EXERCISE INSTRUCTIONS ::
The lines below must be transcribed exactly as given, with the images removed.

TASK INPUT ::

((

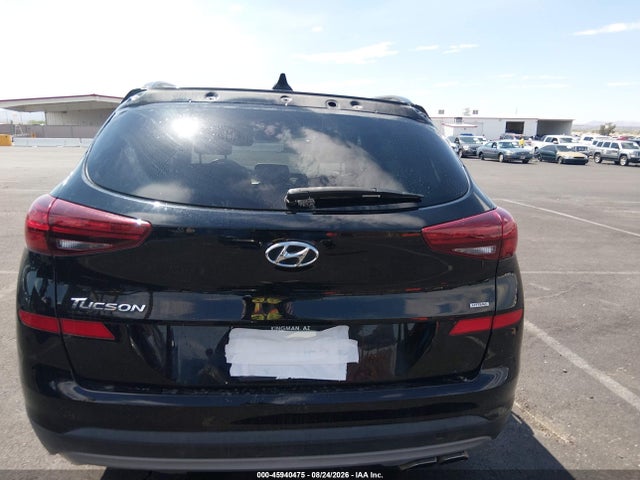 Hyundai Tucson Ultimate 2020 KM8J3CAL5LU232351 Image 16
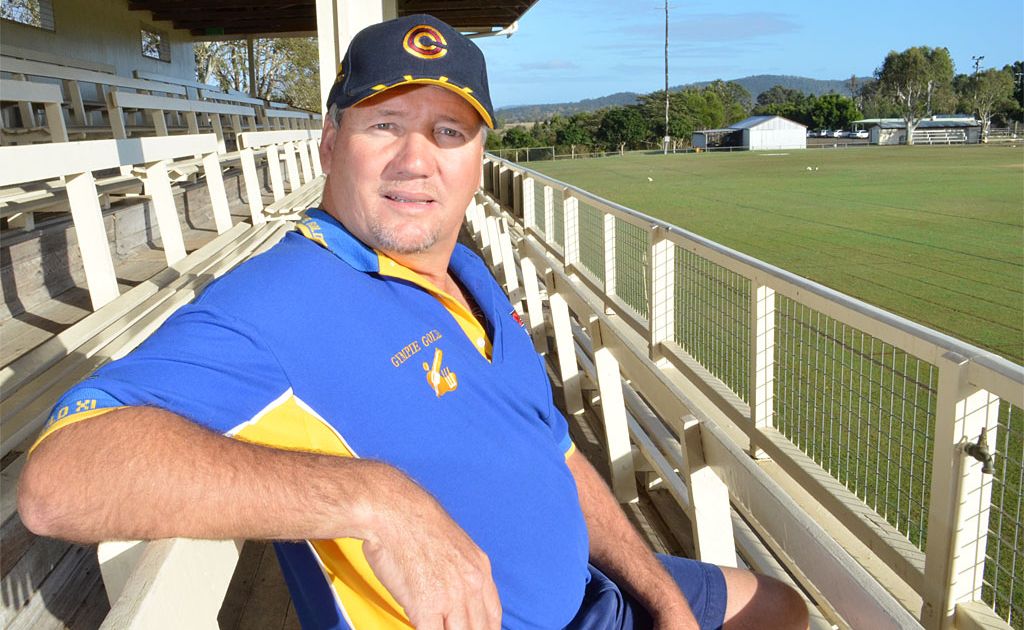 Gold needs a full time cricket coach | The Courier Mail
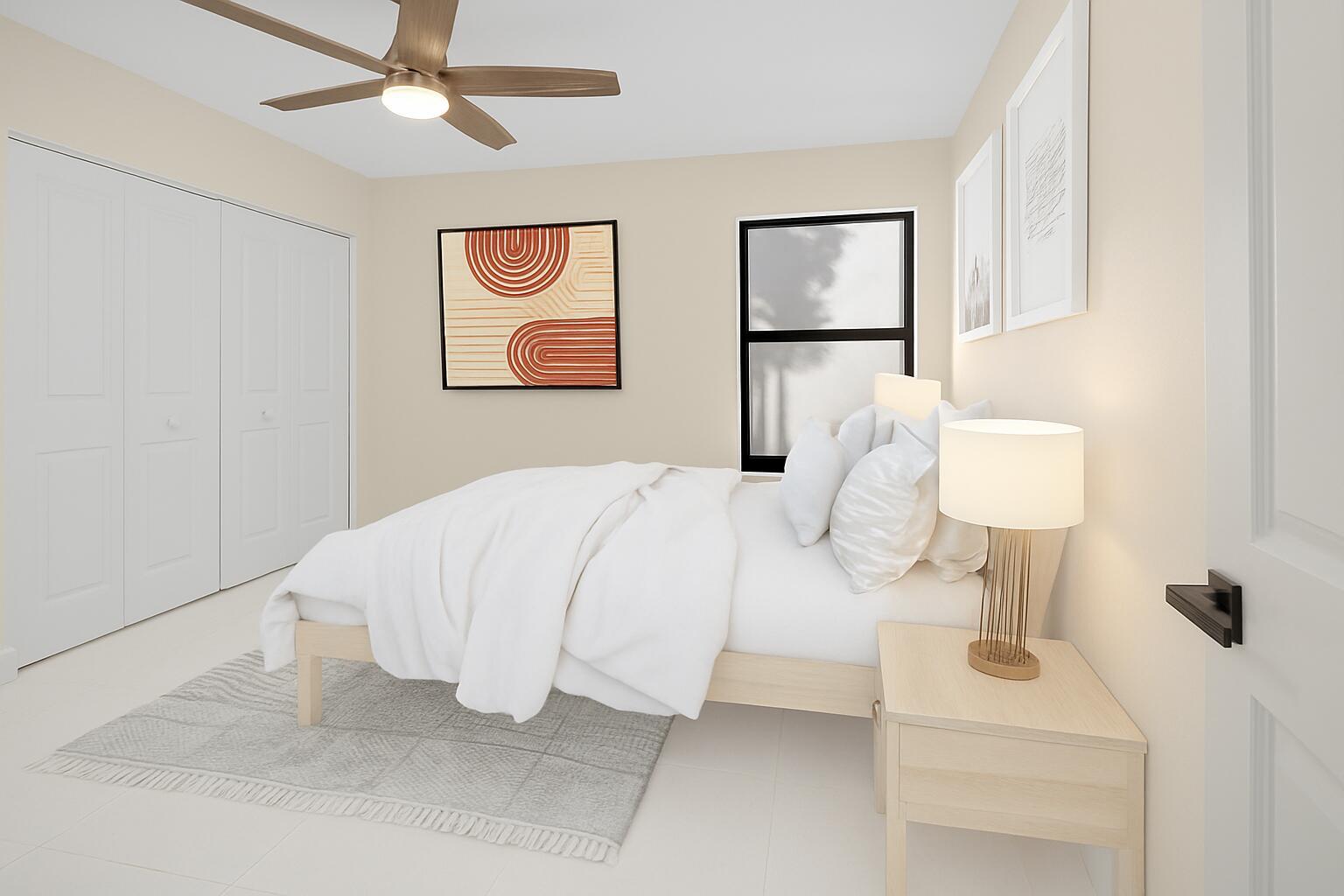 HUNTINGTON LAKES SEC FIVE - Residential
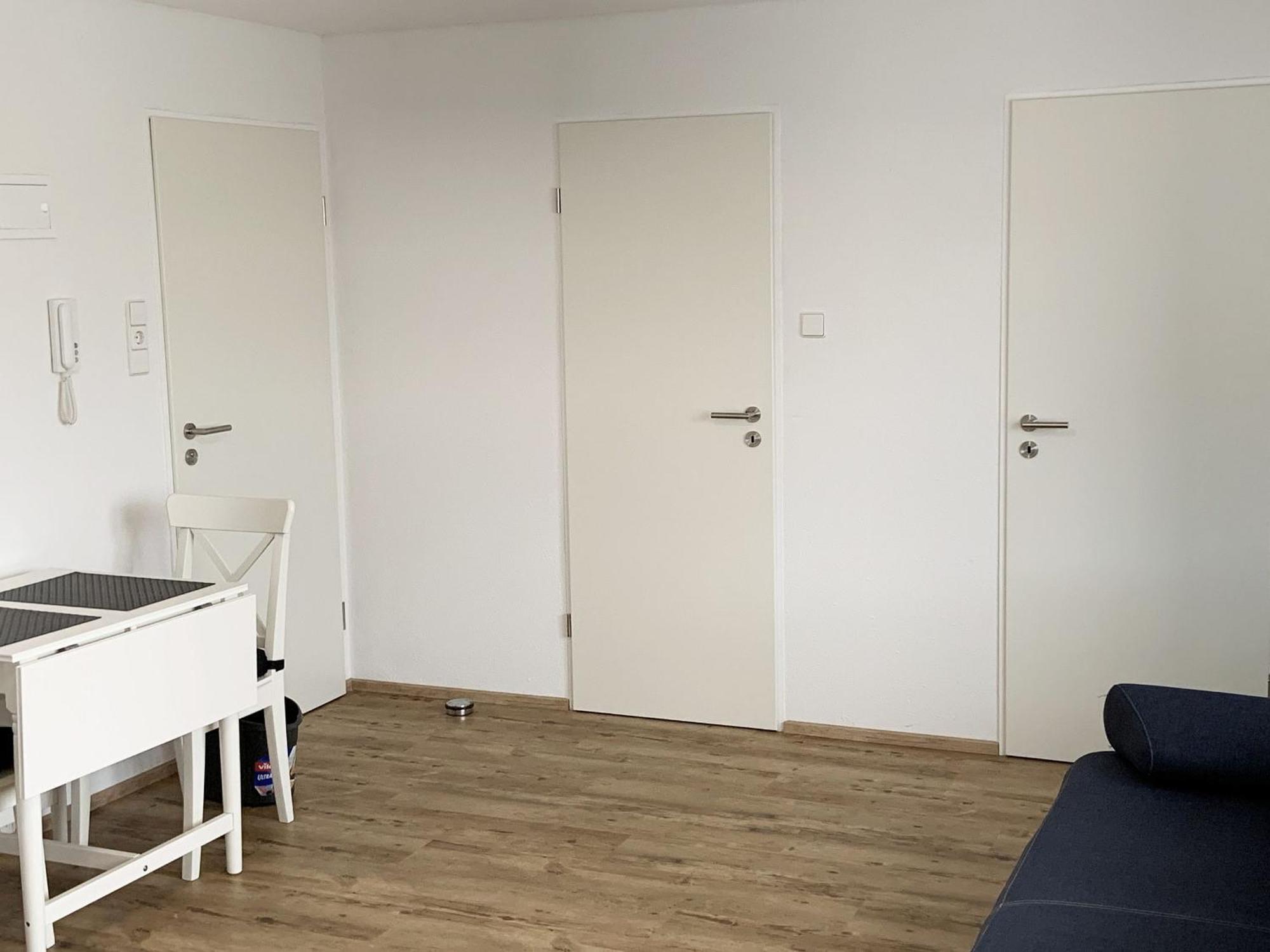 Ferienwohnung Pepe Donaueschingen Exterior foto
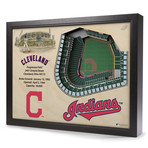 Cleveland Indians // Progressive Field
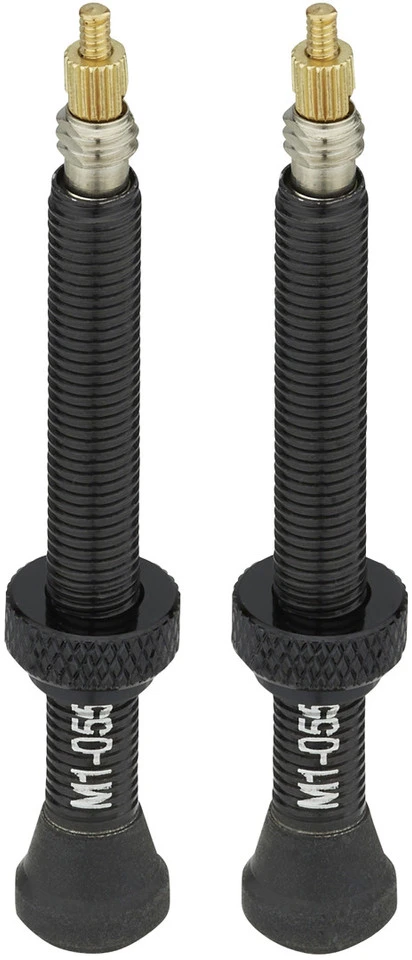 Fulcrum Kit De Valves Tubeless Pour Jantes Symétriques 4 Fulcrum Kit De Valves Tubeless Pour Jantes Symétriques – Image 2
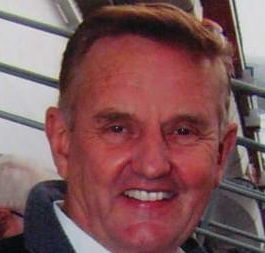 Boyd Peterson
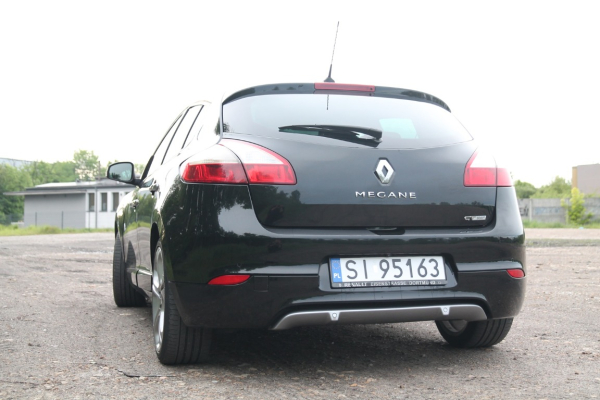 Ogłoszenie - Renault megane 3 gt line full opcja - Siemianowice Śląskie - 32 000,00 zł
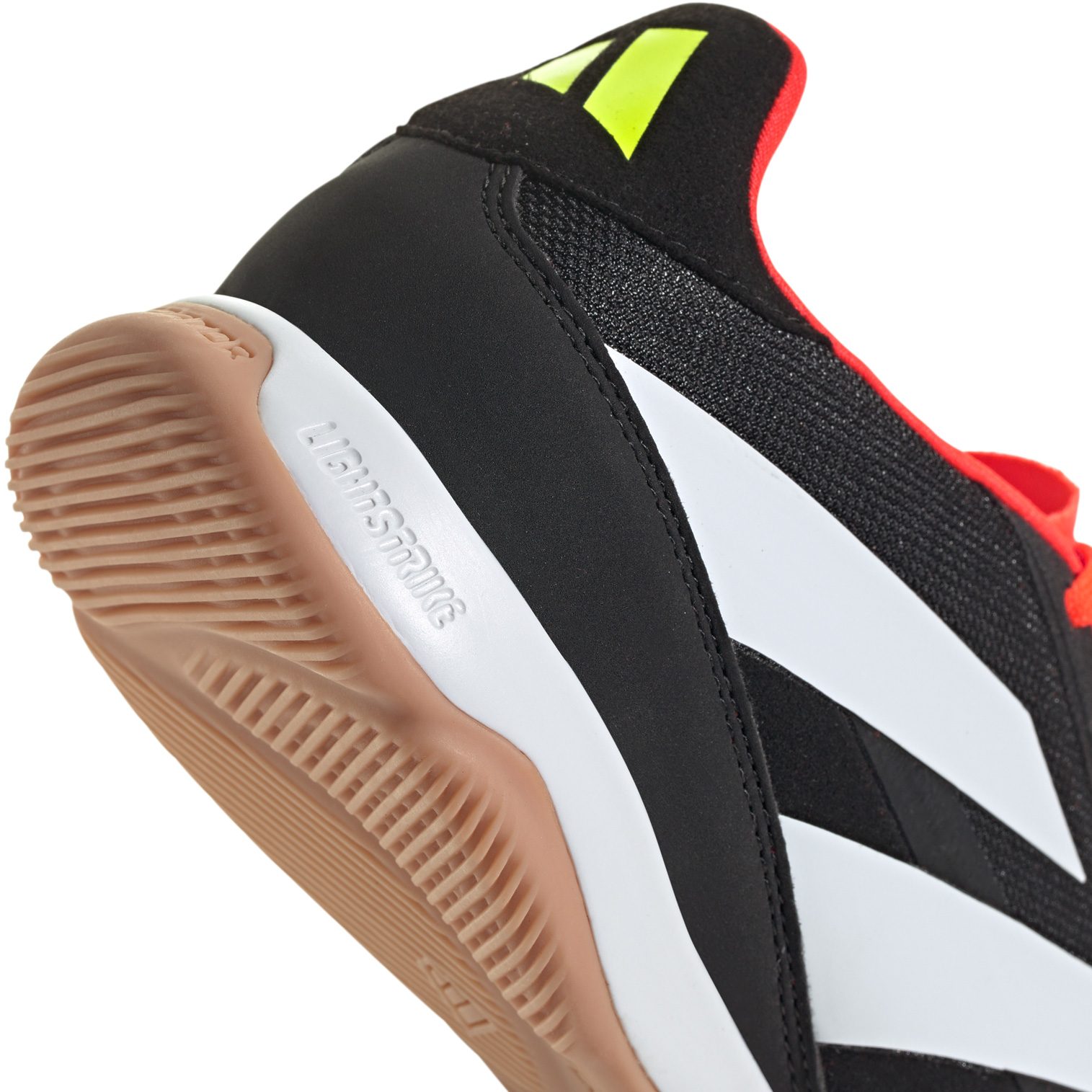 adidas Predator League IN Fußballschuhe core black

))

ANSWER FOR THIS EXERCISE ::
 Hyundai Tucson Ultimate 2020 KM8J3CAL5LU232351 Image 16
 Gold needs a full time cricket coach | The Courier Mail
 HUNTINGTON LAKES SEC FIVE - Residential
 Ferienwohnung Pepe Donaueschingen Exterior foto
 Cleveland Indians // Progressive Field
 Fulcrum Kit De Valves Tubeless Pour Jantes Symétriques 4 Fulcrum Kit De Valves Tubeless Pour Jantes Symétriques – Image 2
 Boyd Peterson
 Ogłoszenie - Renault megane 3 gt line full opcja - Siemianowice Śląskie - 32 000,00 zł
 adidas Predator League IN Fußballschuhe core black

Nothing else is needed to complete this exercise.